Problem description> Please take the lines from the one holding "Status quo or" through the one holding "young hispanic latin" in the data below and copy them exactly.

Records to process>
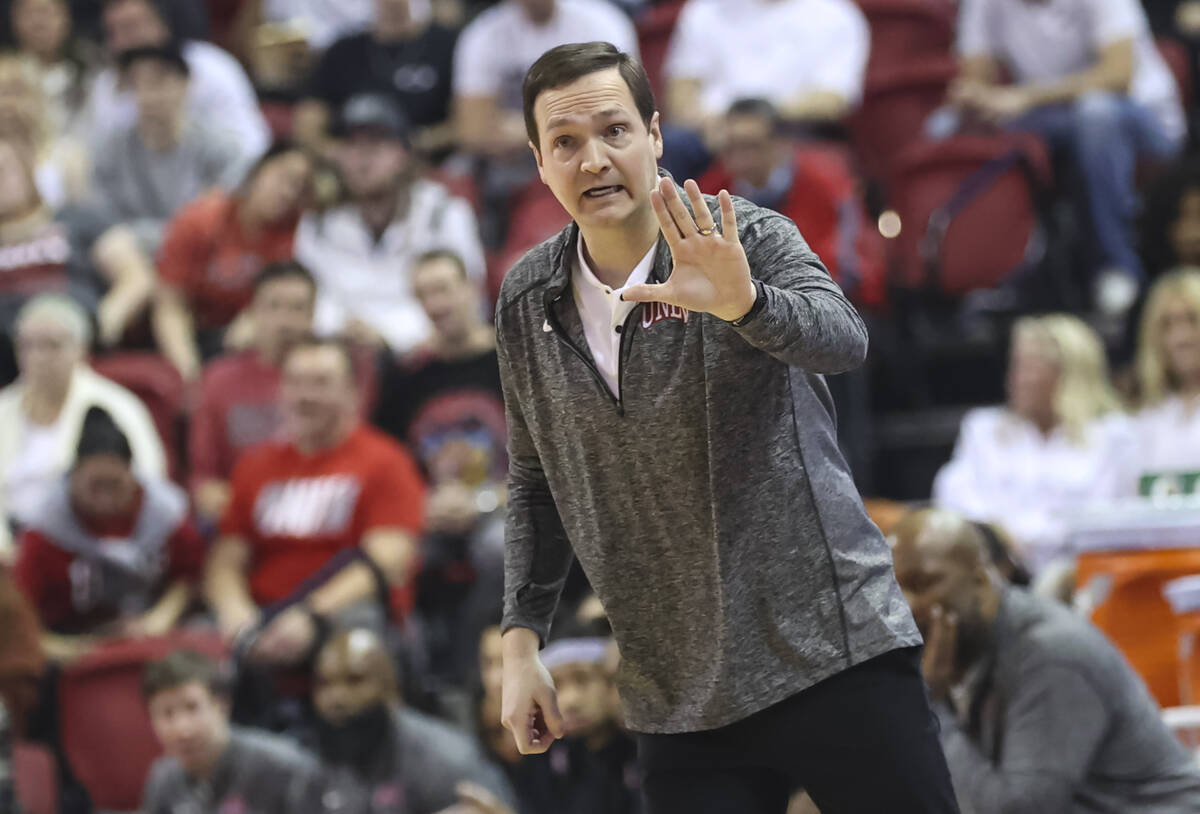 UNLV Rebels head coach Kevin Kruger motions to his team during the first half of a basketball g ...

--

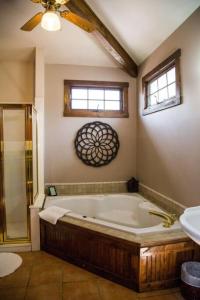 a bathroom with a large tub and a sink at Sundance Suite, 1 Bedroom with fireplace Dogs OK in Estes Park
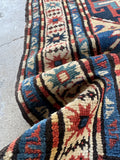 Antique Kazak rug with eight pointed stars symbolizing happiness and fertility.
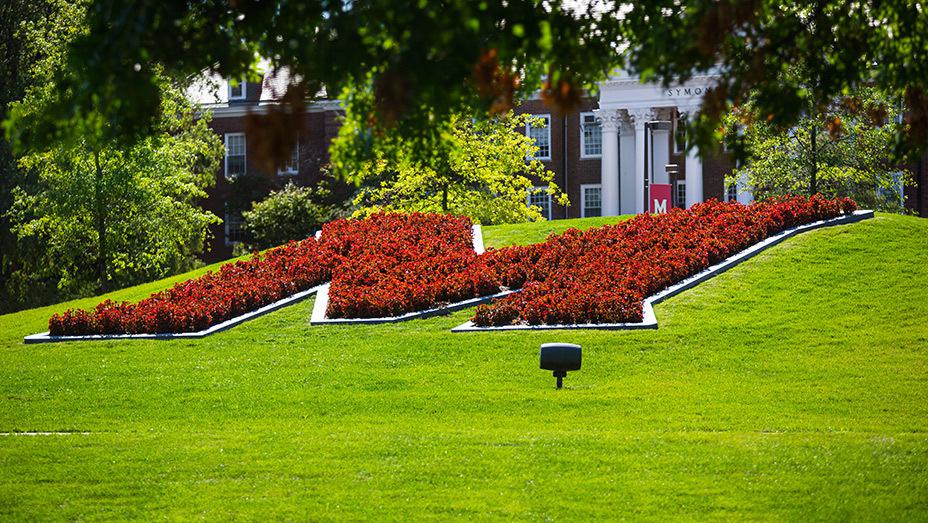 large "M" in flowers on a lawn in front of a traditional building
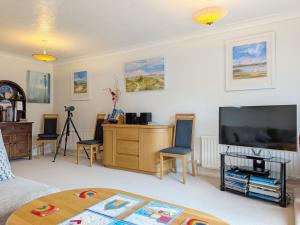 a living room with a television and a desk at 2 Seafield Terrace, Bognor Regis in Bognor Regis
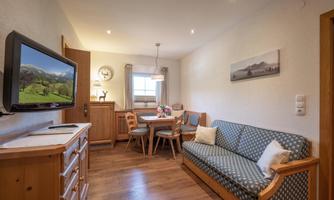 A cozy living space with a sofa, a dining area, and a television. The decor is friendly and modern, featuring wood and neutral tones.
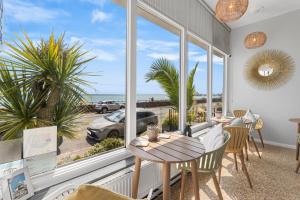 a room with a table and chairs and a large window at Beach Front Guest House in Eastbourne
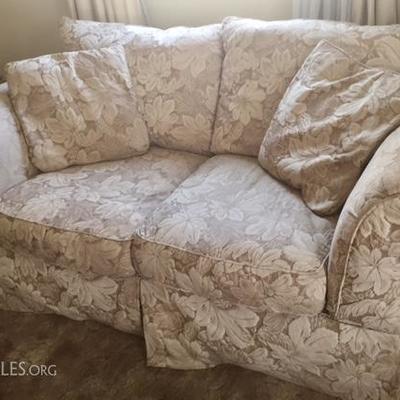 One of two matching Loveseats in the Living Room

---

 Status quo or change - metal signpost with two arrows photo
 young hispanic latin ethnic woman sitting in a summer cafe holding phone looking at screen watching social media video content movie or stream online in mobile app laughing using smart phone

Solution to this problem>
 Status quo or change - metal signpost with two arrows photo
 young hispanic latin ethnic woman sitting in a summer cafe holding phone looking at screen watching social media video content movie or stream online in mobile app laughing using smart phone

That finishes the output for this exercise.